DATE OF JUDGMENT: 29/10/2004
BENCH:
ARIJIT PASAYAT & C.K.THAKKER
JUDGMENT:
J U D G M E N T
ARIJIT PASAYAT, J.
State of Madhya Pradesh calls in question legality of the
judgment rendered by a Division Bench of the Madhya Pradesh High Court,
at Jabalpur directing acquittal of the respondents (hereinafter
referred to as the ’accused’) on the ground that prosecution failed to
prove their guilt beyond reasonable doubts. Originally eight persons
faced trial. Out of them co-accused Sunita and Kapoor Singh were
acquitted. During the pendency of the trial one Ramkishore absconded.

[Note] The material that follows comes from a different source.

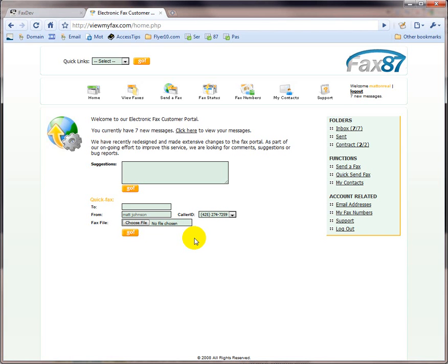One of the greatest realities about using Fax87.com is the fact that you never have to come to the website to receive or send faxes, since all of that activity can be done through your email. However,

Two others Bhoora and Jabar Singh had died during trial. Trial Court
convicted accused Komal Singh, Manni and Dharkole. During pendency of
the appeal before this Court, accused Komal has died and the appeal
stands abated so far as she is concerned. All the three accused were
convicted for offences punishable under Section 302 read with Section
149 of the Indian Penal Code, 1860 (in short the ’IPC’). Appellant
Manni was convicted for an offence punishable under Section 148 I.P.C.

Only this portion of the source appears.